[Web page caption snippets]

****************

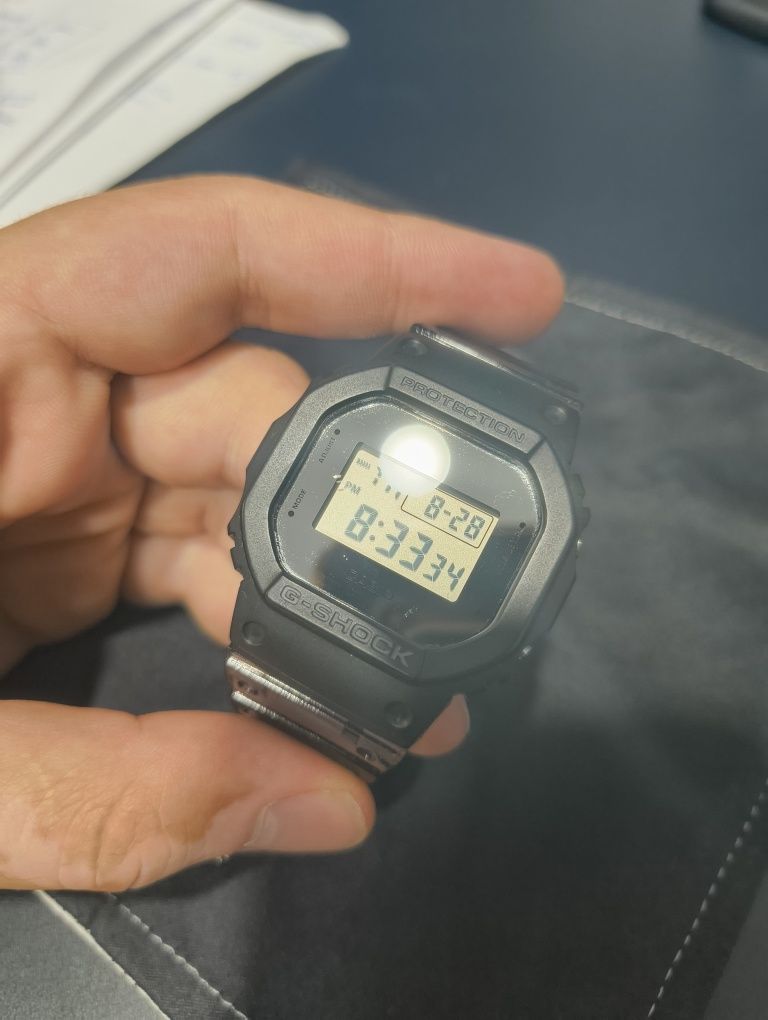 Часовник Casio G-Shock DW-5600SK-1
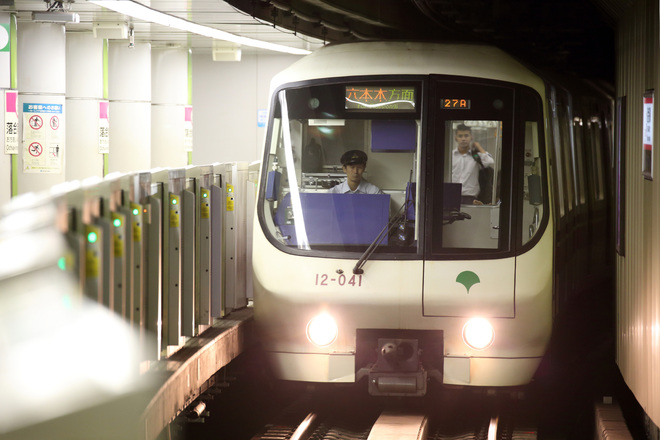 【都営】12-000形1次車2次車ファイナルランを落合南長崎駅で撮影した写真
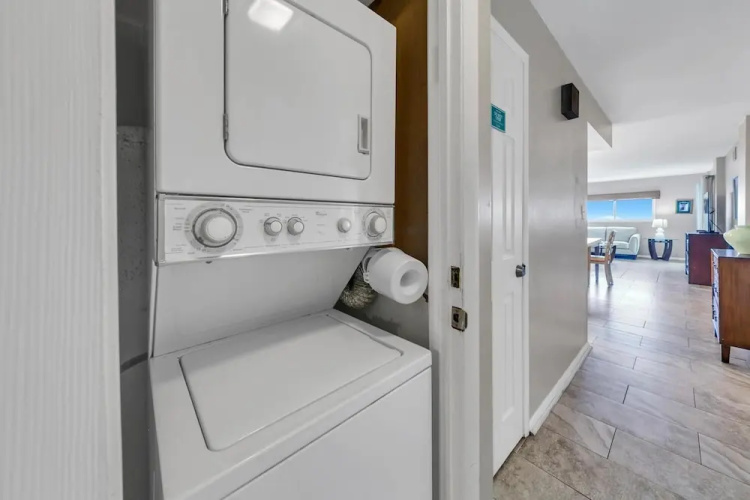 Regency Towers 623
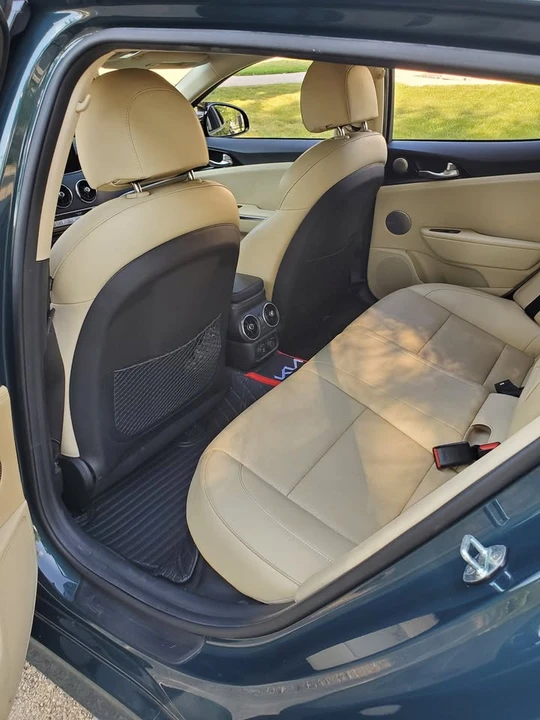 2022 Kia Stinger - Image 8 of 17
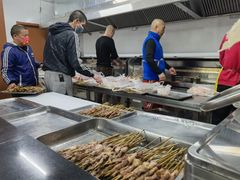 自助取餐区-冯老二羊肉串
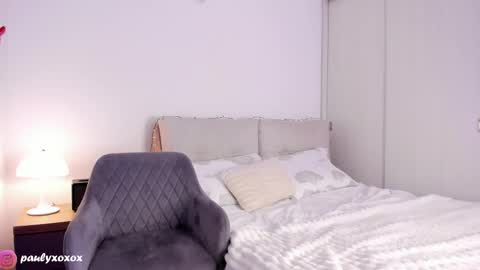 Polly online show from 09/24/25, 02:31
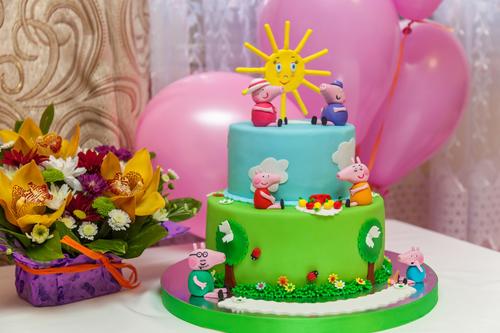 Peppa Pig cake
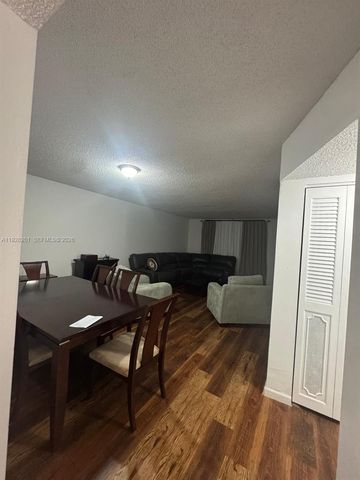 2800 Someset Drive 404, Lauderdale Lakes, FL 33311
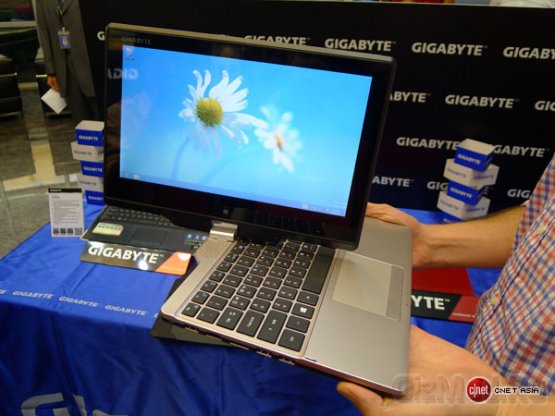 Ноутбук Gigabyte U2142 под управлением Windows 8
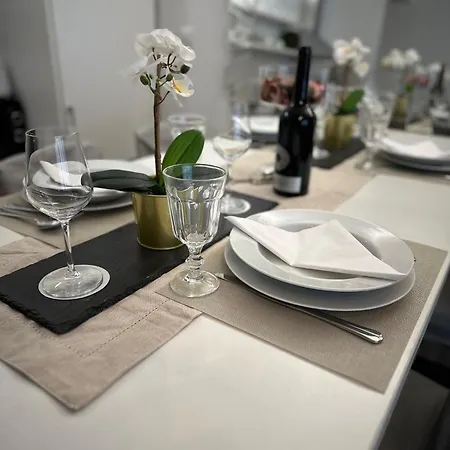 Wellness By The Opera * Budapest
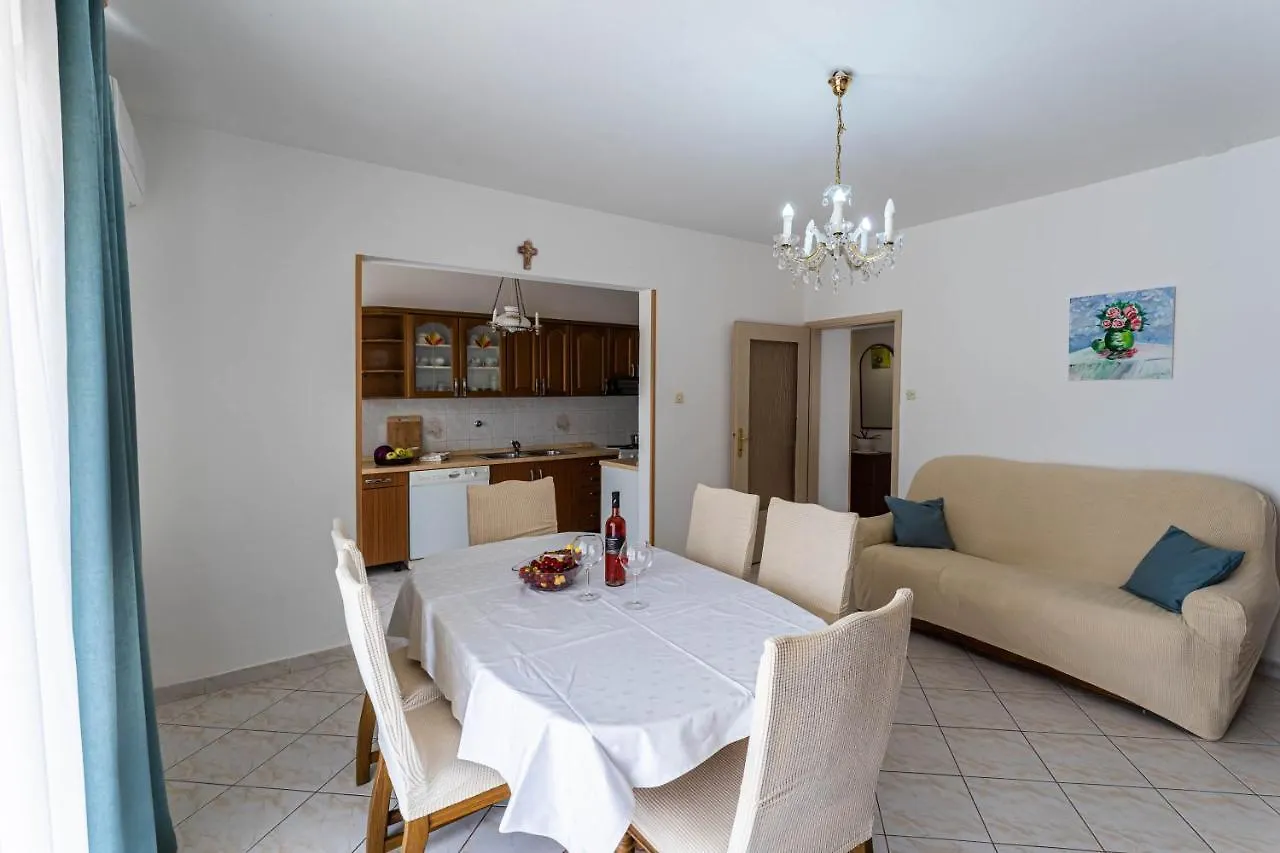 Apartman Ana Διαμέρισμα Πούλα Κροατία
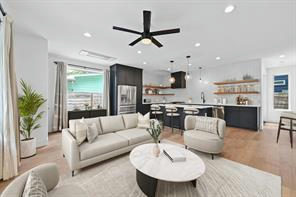 504 Normandy St #A — photo 3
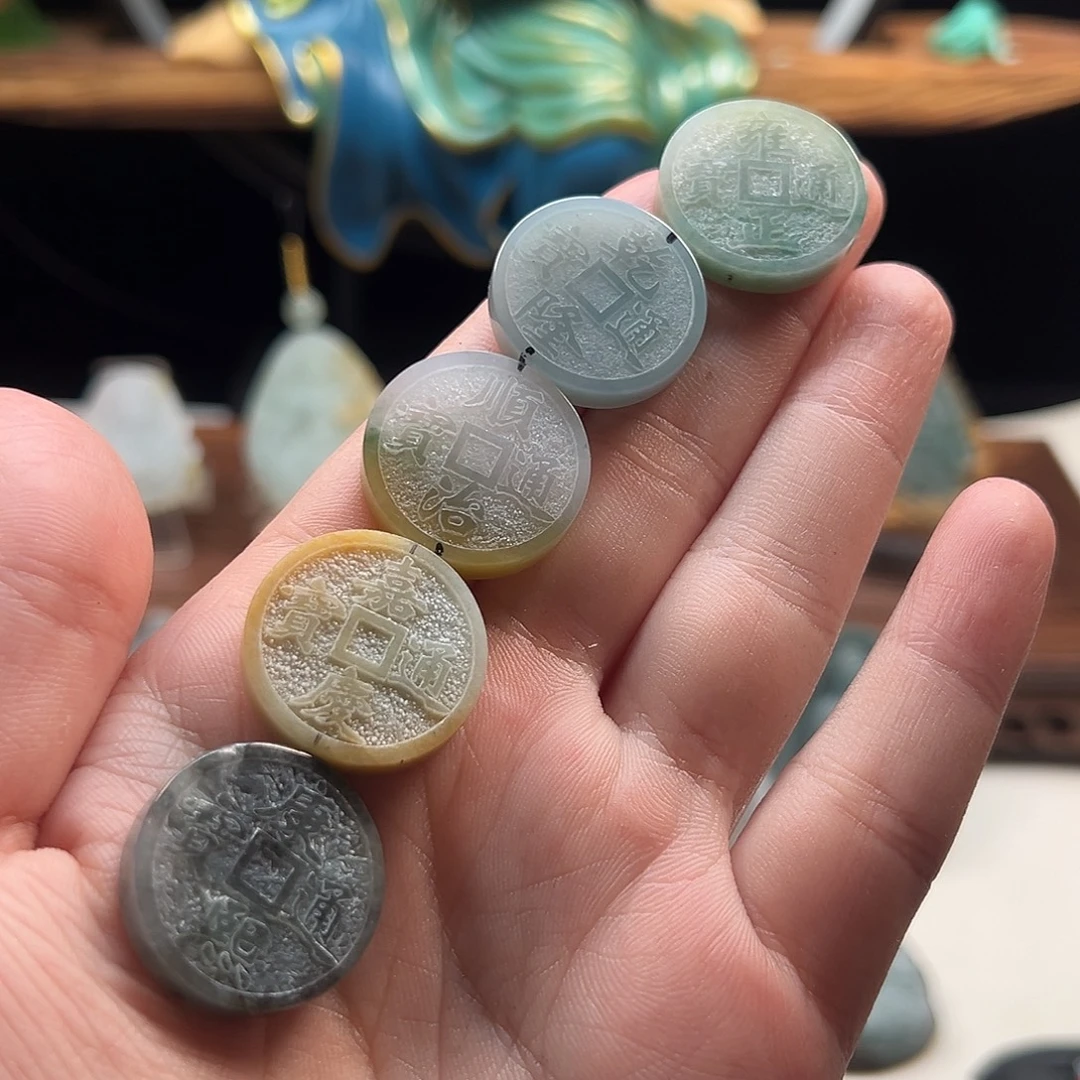 胡***涂定制翡翠未镶嵌定制翡翠雕刻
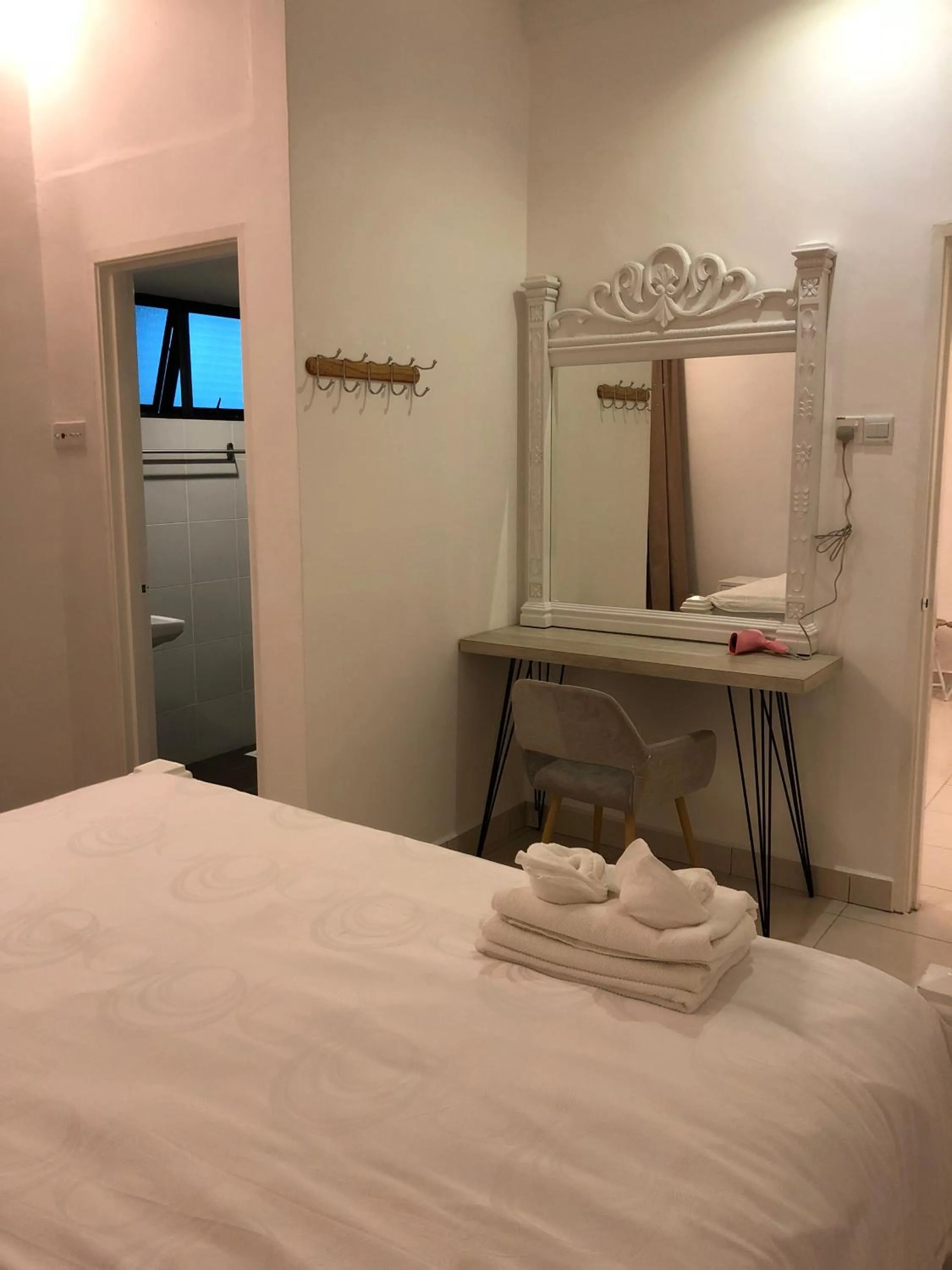 Brand New Apartment in Local Neighbourhood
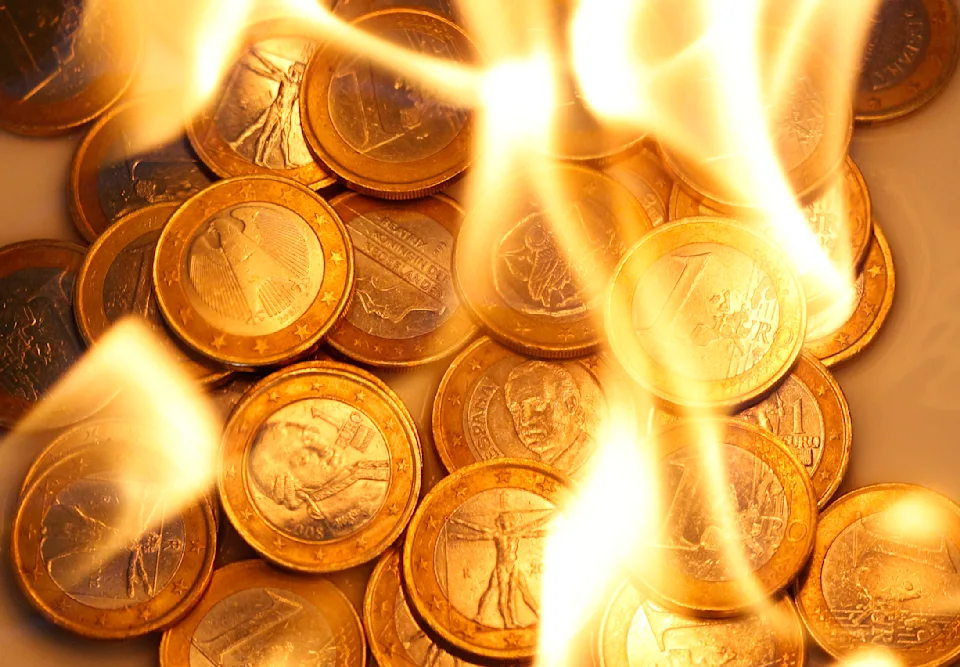 Coinbase stock is trading as if the crypto platform 'will burn through all of its cash'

****************

# Required action
Reproduce the span beginning at the line with "Ноутбук Gigabyte U2142" and ending at the last line of the entries above, inclusive, exactly as it stands. Exclude the pictures.

# Answer box
 Ноутбук Gigabyte U2142 под управлением Windows 8
 Wellness By The Opera * Budapest
 Apartman Ana Διαμέρισμα Πούλα Κροατία
 504 Normandy St #A — photo 3
 胡***涂定制翡翠未镶嵌定制翡翠雕刻
 Brand New Apartment in Local Neighbourhood
 Coinbase stock is trading as if the crypto platform 'will burn through all of its cash'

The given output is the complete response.